De acuerdo con el punto de vista de los reformadores de que toda la vida es espiritual, Katharina no distinguió entre tareas «prácticas» y «espirituales», sino que encontró combustible para su trabajo diario en el hecho de que servía a Dios en todas las tareas. . Su compromiso con la teología se limitó a su participación en las «charlas de mesa» que los Lutero organizaban en su casa parroquial. Sabía suficiente latín y Escrituras para participar en acalorados debates a la hora de la cena, un hábito que aparentemente fomentaba Lutero.
“Yo me pegaré a Cristo”
En 1542, Catalina y Lutero lamentaron la pérdida de su hija de 13 años, Magdalena, de lo cual Lutero escribió: “Mi esposa y yo solo debemos dar gracias con alegría por una partida tan feliz y bendito fin [para Magdalena] . . . sin embargo, la fuerza de nuestro amor natural es tan grande que no podemos hacer esto sin llorar y afligirnos en nuestros corazones o incluso sin experimentar la muerte nosotros mismos. . . . Incluso la muerte de Cristo. . . es incapaz de quitar esto por completo, como debería”.

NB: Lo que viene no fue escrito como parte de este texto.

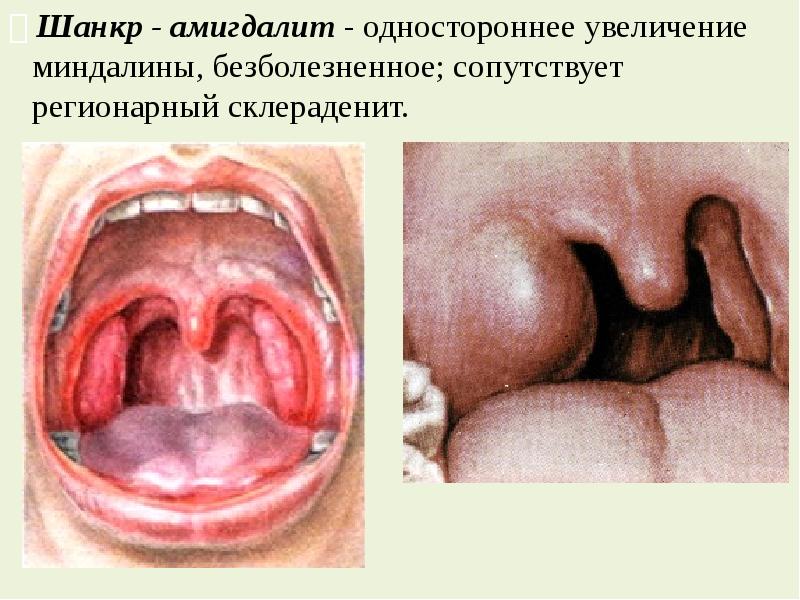 Ограничение доступа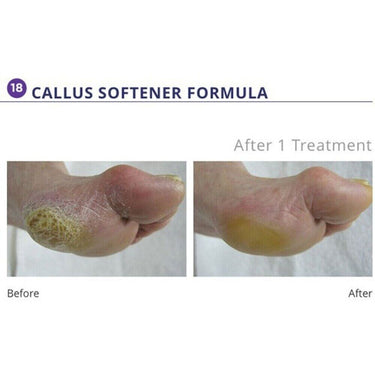 Callus Softener Formula #18 / 1 Gallon by Footlogix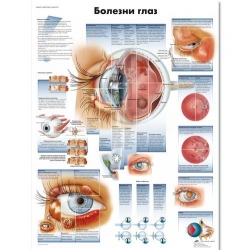 Медицинский плакат Болезни глаз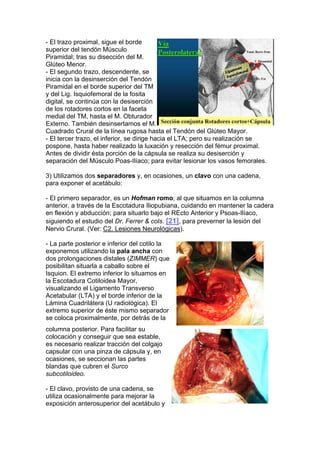 - El trazo proximal, sigue el borde
superior del tendón Músculo
Piramidal; tras su disección del M.
Glúteo Menor.
- El segundo trazo, descendente, se
inicia con la desinserción del Tendón
Piramidal en el borde superior del TM
y del Lig. Isquiofemoral de la fosita
digital, se continúa con la desiserción
de los rotadores cortos en la faceta
medial del TM, hasta el M. Obturador
Externo. También desinsertamos el M.
Cuadrado Crural de la línea rugosa hasta el Tendón del Glúteo Mayor.
- El tercer trazo, el inferior, se dirige hacia el LTA; pero su realización se
pospone, hasta haber realizado la luxación y resección del fémur proximal.
Antes de dividir ésta porción de la cápsula se realiza su desiserción y
separación del Músculo Poas-Ilíaco; para evitar lesionar los vasos femorales.

3) Utilizamos dos separadores y, en ocasiones, un clavo con una cadena,
para exponer el acetábulo:

- El primero separador, es un Hofman romo; al que situamos en la columna
anterior, a través de la Escotadura Iliopubiana, cuidando en mantener la cadera
en flexión y abducción; para situarlo bajo el REcto Anterior y Psoas-Ilíaco,
siguiendo el estudio del Dr. Ferrer & cols. [21], para preverner la lesión del
Nervio Crural. (Ver: C2. Lesiones Neurológicas).

- La parte posterior e inferior del cotilo la
exponemos utilizando la pala ancha con
dos prolongaciones distales (ZIMMER) que
posibilitan situarla a caballo sobre el
Isquion. El extremo inferior lo situamos en
la Escotadura Cotiloidea Mayor,
visualizando el Ligamento Transverso
Acetabular (LTA) y el borde inferior de la
Lámina Cuadrilátera (U radiológica). El
extremo superior de éste mismo separador
se coloca proximalmente, por detrás de la
columna posterior. Para facilitar su
colocación y conseguir que sea estable,
es necesario realizar tracción del colgajo
capsular con una pinza de cápsula y, en
ocasiones, se seccionan las partes
blandas que cubren el Surco
subcotiloideo.

- El clavo, provisto de una cadena, se
utiliza ocasionalmente para mejorar la
exposición anterosuperior del acetábulo y
 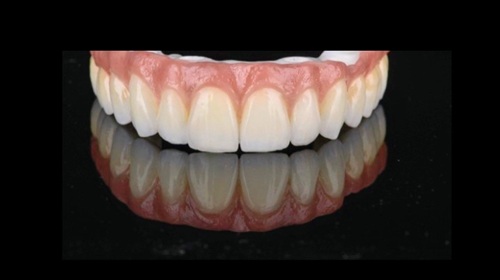 Icon Implant and Dental Center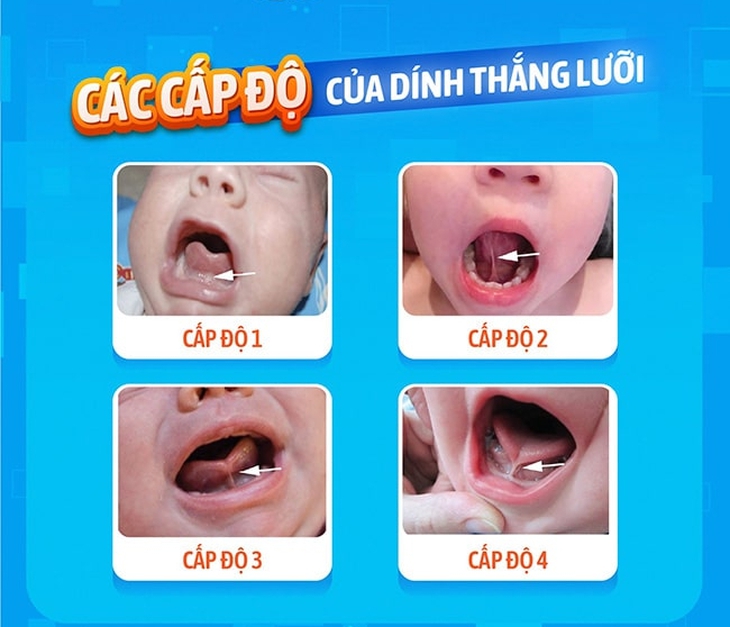 https://benhviennhitrunguong.gov.vn/wp-content/uploads/2025/08/Dinh-thang-luoi-Nhan-biet-som-can-thiep-kip-thoi-2.jpg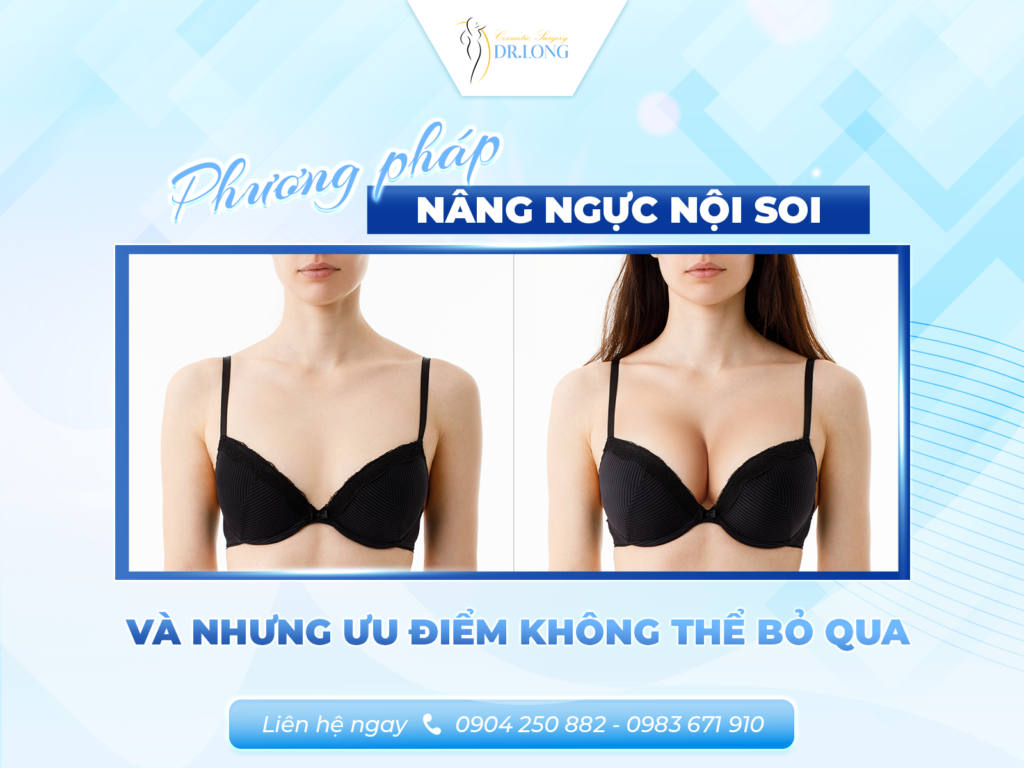 Nâng ngực nội soi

Este dolor solo sería paralelo al dolor de Katharina por la propia muerte de Martin en 1546, que describió en una de sus pocas cartas sobrevivientes:
Estoy en verdad tan triste que no puedo expresar mi gran dolor a ninguna persona y no sé cómo estoy y siento. No puedo comer ni beber. Ni volver a dormir. Si hubiera tenido. . . un imperio que no me habría sentido tan mal si lo hubiera perdido, como me sentí cuando nuestro amado Señor Dios me quitó, y no solo a mí, sino al mundo entero, a este hombre querido y digno.
Katharina pasó el resto de sus días buscando el apoyo de los antiguos partidarios de Lutero con la esperanza de mantener su casa y sus hijos, hasta que murió después de caerse de una carreta en diciembre de 1552. En su lecho de muerte, proclamó: “Me adheriré a Cristo como un rebabas a una capa superior «.